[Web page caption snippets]
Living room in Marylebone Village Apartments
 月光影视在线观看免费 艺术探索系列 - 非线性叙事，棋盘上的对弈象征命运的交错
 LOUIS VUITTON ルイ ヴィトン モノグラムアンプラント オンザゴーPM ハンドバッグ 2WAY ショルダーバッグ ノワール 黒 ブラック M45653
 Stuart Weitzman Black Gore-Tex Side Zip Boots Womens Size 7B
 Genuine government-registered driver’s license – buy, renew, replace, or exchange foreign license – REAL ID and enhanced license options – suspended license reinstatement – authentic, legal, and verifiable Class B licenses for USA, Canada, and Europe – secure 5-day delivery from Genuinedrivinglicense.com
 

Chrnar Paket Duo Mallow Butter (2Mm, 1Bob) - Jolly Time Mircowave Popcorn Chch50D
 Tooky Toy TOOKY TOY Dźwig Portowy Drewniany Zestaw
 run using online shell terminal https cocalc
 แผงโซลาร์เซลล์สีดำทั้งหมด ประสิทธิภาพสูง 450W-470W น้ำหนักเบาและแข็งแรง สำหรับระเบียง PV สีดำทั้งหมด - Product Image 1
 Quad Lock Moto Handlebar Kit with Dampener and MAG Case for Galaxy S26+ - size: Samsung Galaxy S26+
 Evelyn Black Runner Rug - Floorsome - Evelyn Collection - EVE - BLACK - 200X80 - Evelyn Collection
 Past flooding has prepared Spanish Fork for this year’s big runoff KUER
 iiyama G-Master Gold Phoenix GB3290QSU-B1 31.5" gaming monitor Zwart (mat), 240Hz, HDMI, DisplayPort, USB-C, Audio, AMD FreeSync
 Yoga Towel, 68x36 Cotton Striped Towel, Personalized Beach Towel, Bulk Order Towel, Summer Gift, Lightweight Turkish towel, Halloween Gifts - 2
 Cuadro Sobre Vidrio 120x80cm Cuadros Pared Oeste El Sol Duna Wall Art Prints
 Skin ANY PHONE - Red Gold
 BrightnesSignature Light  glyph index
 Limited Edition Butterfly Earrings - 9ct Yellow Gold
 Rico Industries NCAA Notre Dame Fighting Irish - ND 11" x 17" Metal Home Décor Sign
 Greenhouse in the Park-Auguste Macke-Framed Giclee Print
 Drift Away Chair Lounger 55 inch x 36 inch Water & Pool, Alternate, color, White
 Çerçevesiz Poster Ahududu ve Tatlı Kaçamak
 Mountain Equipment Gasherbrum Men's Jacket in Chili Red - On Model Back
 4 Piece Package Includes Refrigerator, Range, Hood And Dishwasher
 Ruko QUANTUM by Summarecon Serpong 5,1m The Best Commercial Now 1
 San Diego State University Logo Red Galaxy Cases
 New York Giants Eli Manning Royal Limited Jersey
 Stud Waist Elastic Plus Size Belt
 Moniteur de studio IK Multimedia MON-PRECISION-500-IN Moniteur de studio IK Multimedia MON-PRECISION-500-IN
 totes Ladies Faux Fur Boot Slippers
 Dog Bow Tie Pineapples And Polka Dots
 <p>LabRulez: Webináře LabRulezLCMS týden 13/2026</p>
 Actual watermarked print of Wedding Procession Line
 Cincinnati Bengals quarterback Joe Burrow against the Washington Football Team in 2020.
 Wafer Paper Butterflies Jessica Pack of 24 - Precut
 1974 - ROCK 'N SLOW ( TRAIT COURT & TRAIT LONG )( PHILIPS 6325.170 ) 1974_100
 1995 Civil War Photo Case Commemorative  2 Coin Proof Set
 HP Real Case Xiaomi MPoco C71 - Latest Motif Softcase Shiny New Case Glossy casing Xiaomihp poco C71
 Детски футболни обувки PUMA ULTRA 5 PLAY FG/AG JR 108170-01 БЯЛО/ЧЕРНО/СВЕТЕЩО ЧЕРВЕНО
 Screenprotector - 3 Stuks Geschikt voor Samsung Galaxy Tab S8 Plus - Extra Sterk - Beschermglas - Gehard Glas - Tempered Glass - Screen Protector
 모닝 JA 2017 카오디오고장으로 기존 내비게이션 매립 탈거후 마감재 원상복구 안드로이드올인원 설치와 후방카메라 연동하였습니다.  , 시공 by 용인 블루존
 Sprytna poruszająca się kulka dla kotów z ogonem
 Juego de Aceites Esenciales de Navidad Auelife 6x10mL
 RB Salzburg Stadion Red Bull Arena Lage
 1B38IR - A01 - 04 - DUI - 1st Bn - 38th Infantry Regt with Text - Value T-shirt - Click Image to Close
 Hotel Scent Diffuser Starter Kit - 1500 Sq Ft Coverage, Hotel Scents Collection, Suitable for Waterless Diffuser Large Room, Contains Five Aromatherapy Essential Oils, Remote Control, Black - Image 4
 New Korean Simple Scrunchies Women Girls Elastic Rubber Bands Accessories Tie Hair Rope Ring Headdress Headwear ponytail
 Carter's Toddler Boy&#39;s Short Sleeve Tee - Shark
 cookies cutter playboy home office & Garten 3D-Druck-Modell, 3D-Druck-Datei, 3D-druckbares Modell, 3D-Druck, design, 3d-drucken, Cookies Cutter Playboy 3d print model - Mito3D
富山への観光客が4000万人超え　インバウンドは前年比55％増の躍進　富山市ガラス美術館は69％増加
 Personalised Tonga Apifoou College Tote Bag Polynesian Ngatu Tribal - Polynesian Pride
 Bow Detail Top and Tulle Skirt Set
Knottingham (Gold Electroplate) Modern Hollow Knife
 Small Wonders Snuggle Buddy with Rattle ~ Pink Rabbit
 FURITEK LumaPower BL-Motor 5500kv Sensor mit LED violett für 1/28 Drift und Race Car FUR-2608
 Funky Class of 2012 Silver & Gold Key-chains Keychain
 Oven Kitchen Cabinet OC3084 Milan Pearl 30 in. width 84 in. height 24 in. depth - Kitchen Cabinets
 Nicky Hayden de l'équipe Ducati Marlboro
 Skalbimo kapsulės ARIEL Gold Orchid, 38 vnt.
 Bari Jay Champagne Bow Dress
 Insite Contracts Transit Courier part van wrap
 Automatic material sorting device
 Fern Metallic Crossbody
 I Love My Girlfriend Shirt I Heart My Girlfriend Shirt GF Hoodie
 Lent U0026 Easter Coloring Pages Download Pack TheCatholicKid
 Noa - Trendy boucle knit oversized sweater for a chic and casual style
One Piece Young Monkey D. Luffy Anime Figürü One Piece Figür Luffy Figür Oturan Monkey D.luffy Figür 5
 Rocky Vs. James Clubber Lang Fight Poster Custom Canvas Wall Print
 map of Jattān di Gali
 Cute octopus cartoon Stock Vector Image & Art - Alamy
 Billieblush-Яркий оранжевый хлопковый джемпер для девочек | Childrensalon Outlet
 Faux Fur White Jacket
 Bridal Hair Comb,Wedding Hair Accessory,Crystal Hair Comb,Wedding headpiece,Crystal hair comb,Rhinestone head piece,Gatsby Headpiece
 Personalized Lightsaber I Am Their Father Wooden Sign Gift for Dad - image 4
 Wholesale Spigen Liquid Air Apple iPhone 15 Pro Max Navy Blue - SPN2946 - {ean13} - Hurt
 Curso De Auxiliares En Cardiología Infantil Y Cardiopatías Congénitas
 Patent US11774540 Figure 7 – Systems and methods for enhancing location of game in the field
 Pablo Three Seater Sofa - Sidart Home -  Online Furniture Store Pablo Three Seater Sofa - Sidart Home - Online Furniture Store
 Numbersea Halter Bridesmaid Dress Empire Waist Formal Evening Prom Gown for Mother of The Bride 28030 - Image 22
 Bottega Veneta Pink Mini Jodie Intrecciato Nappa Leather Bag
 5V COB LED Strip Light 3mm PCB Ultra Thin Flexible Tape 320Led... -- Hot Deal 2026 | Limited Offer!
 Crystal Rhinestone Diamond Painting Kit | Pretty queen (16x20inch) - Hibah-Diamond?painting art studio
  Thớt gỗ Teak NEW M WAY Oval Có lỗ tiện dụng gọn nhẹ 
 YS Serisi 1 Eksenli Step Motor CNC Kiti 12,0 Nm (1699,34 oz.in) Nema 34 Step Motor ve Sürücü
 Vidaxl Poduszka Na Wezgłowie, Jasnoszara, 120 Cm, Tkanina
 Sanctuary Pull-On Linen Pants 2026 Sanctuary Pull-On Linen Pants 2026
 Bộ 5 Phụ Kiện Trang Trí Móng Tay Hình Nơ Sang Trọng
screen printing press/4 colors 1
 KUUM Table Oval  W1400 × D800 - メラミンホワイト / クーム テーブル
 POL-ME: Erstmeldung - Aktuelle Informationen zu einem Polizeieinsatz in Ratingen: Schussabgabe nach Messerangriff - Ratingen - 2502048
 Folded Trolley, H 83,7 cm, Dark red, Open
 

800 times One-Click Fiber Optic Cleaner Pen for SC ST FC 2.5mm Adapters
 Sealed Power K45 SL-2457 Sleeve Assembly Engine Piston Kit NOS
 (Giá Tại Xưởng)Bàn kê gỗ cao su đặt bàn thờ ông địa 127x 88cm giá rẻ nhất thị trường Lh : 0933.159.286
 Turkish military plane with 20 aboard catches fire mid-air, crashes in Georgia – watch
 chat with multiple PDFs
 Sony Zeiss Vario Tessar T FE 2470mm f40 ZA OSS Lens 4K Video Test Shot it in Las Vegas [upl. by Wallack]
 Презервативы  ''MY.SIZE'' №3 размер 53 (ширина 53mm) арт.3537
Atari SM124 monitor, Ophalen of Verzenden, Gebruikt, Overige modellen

### [WHAT YOU WILL DO]
Keep to the lines from the one containing "Sealed Power K45" to the end of the entries above, and retype them exactly.

### [TASK RESPONSE]
 Sealed Power K45 SL-2457 Sleeve Assembly Engine Piston Kit NOS
 (Giá Tại Xưởng)Bàn kê gỗ cao su đặt bàn thờ ông địa 127x 88cm giá rẻ nhất thị trường Lh : 0933.159.286
 Turkish military plane with 20 aboard catches fire mid-air, crashes in Georgia – watch
 chat with multiple PDFs
 Sony Zeiss Vario Tessar T FE 2470mm f40 ZA OSS Lens 4K Video Test Shot it in Las Vegas [upl. by Wallack]
 Презервативы  ''MY.SIZE'' №3 размер 53 (ширина 53mm) арт.3537
Atari SM124 monitor, Ophalen of Verzenden, Gebruikt, Overige modellen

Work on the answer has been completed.